Luk Arbuckle

Posts Tagged ‘white paper’

Statistical concepts in presenting data

In data display on 18 February 2009 at 8:29 pm

Finally someone has written a text something like Tufte’s Visual Display of Quantitative Information but specifically for statistics.  Rafe M. J. Donahue, of  Biomimetic Therapeutics and Vanderbilt University Medical Center,  gave a seminar course on presenting statistical data at a meeting of the American Statistical Associtation (ASA) in June 2008, and will be giving a similar course  in April 2009 (as part of a continuing education program of the ASA).  I learned of his course in a recent blog post at Statistical Modeling, Causal Inference, and Social Science.

The current version of Donahue’s text is a 100 pages [PDF], but well worth a casual read (it’s not as bad as it sounds, as a lot of those pages are dedicated to visual displays of the ideas he is describing).  If you enjoy reading Tufte’s opinions on the topic of displaying data, and you have to create charts and diagrams of statistical data, then you should enjoy Donahue’s writing as well.  Reading Tufte a couple of years ago had a tremendous impact on my view of visual displays.  But the focus here is in on statistical data.

The two fundamental acts of science, description and comparison, are facilitated via models. By models, we refer to ideas and explanations that do two things: describe past observations and predict future outcomes. […] Statistical models, then, allow us to describe past observation and predict future within the confines of our understanding of probability and randomness.
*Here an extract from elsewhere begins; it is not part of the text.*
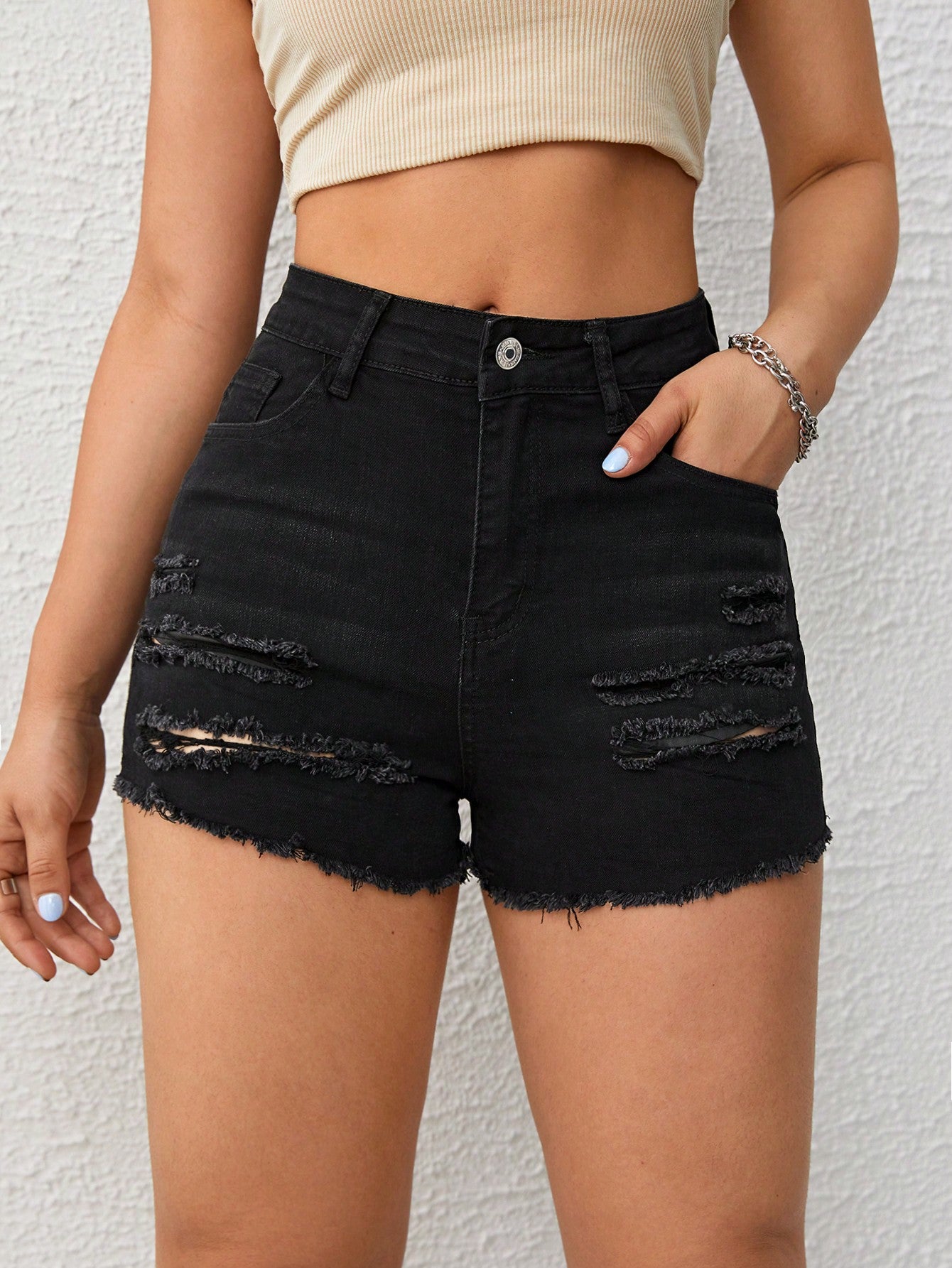 Ripped Raw Hem Denim Shorts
Statistical models become tools for understanding sources of variation.

Show the atoms; show the data.

Show the atoms; show the data.

A summary of some principles presented by Donahue:

  • The exposition of the distribution is paramount.
  • Show the atoms; show the data.
  • Each datum gets one glob of ink.
  • Erase non-data ink; eliminate redundant ink.
  • Take time to document and explain.
  • The data display is the model.
  • Avoid arbitrary summarization, particularly across sources of variation.
  • Reward the viewer’s investment in the data display.
  • In viewing CDFs, steepness equals dataness.
  • Plot cause versus effect.
  • Typically, color ought be used for response variables, not design variables—but not always.
  • We understand the individual responses by comparing them to a distribution of like individuals.
  • Data presentation layouts and designs should be driven by intended use.
  • Time series make fine accounting but poor scientific models.
One glob of ink.

Each datum gets one glob of ink.

Naturally Donahue was also influenced by Tufte.  As he says, “the idea of analysis  is to understand the whole by decomposing into component parts.”  And he therefore reminds the reader of Tufte’s principles of analytical design: 

  • Show comparisons, contrasts, differences.
  • Show causality, mechanism, structure, explanation.
  • Show multivariate data; that is, show more than 1 or 2 variables.
  • Completely integrate words, numbers, images, diagrams.
  • Thoroughly describe the evidence. 
  • Analytical presentations ultimately stand or fall depending on the quality, relevance, and integrity of their content.
Take time to document and explain.

Take time to document and explain.

Confidence, prediction, and tolerance intervals explained

In estimation on 25 May 2008 at 10:00 am

JMP, a business division of SAS, has a short seven page white paper that describes the differences between confidence, prediction, and tolerance intervals using a simple manufacturing example. Formulas are provided along with instructions for using JMP menus to calculate the interval types from a data set.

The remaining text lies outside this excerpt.